← Lessons

quiz vs the machine

Platinum1780

System Design

Change Data Capture Pipelines

Streaming inserts, updates, and deletes out of a database by reading its transaction log.

5 min read · advanced · beat Platinum to climb

Moving changes, not snapshots

Copying a whole table every night is slow and misses intermediate changes. Change data capture, or CDC, streams each row change out of a source database as it happens, so downstream systems stay nearly in sync.

Log based capture

The robust approach reads the database transaction log, such as the write ahead log or binlog, which already records every committed change in order. A connector tails this log and emits an event per change with its operation type of insert, update, or delete.

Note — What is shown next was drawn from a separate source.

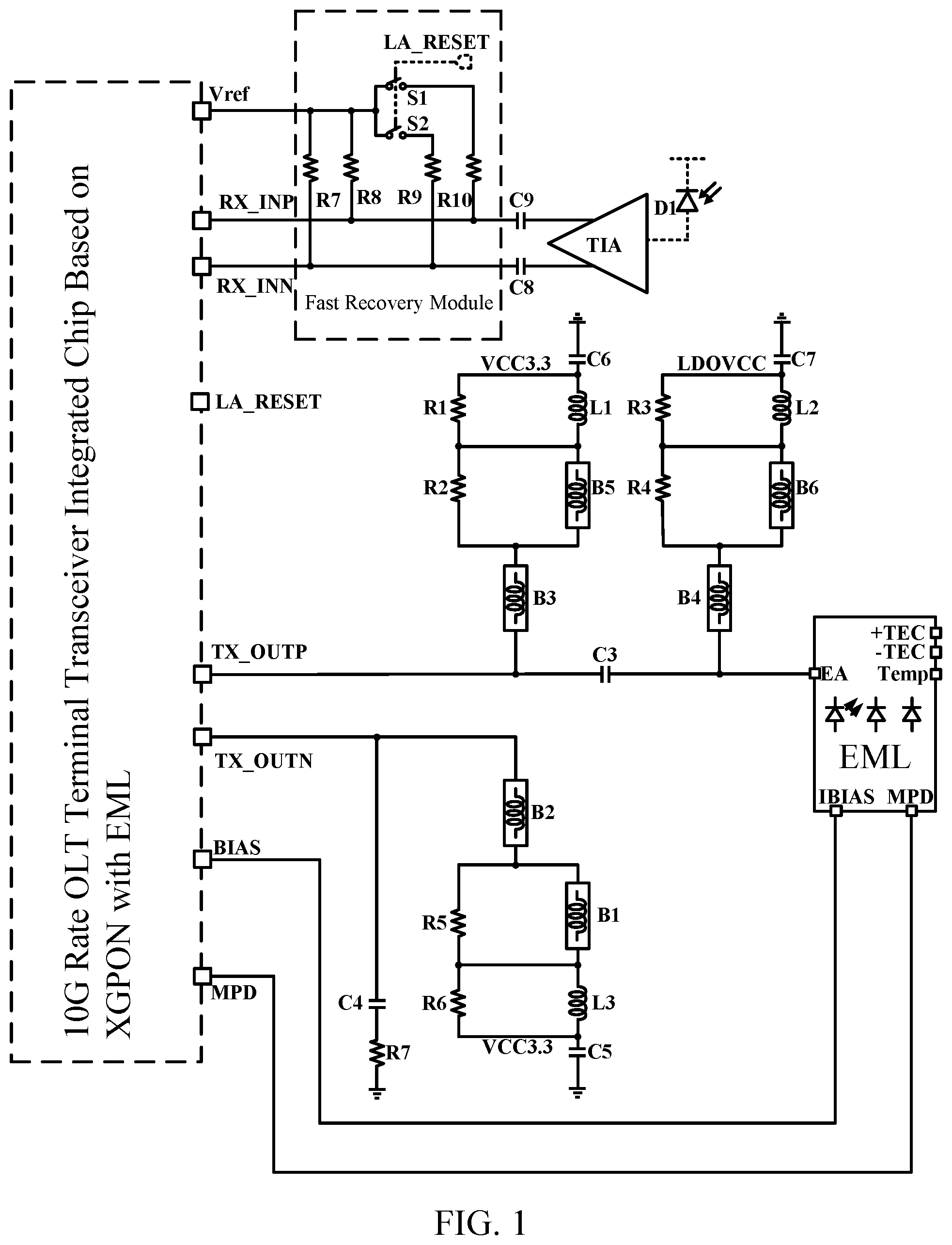 Patent US12107623 Figure 1 – 10G rate OLT terminal transceiver integrated chip based on XGPON with EML laser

  • It avoids polling and adds little load to the source.
  • It captures every change including deletes, which query based polling can miss.
  • It preserves commit order, which matters for correctness.

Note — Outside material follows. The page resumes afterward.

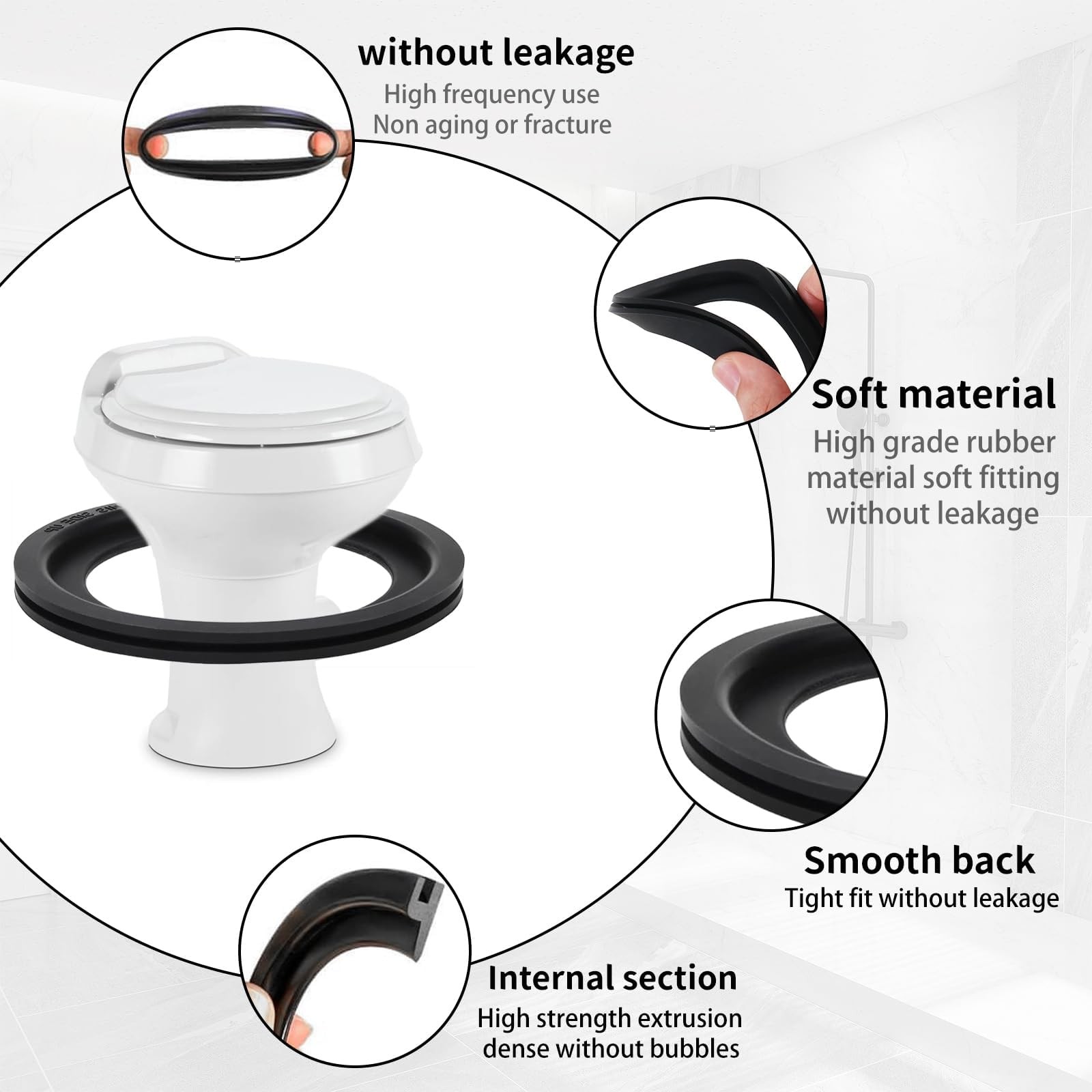 Femory RV Toilet Seal, Flush Ball Seal Gasket Replacement 385311658 for black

Applying changes downstream

Consumers must apply changes idempotently and in order, often upserting by primary key and tombstoning deletes. Because the same change may be delivered more than once, downstream merge logic must be safe to repeat.

Key idea

Log based change data capture tails the transaction log to stream ordered inserts, updates, and deletes with low source load, requiring idempotent ordered application downstream.

Check yourself

Answer to earn rating on the learn ladder.

1. Why is log based CDC preferred over polling for changes?

2. Why must downstream CDC consumers be idempotent?

3. What does a log based connector capture that simple polling can miss?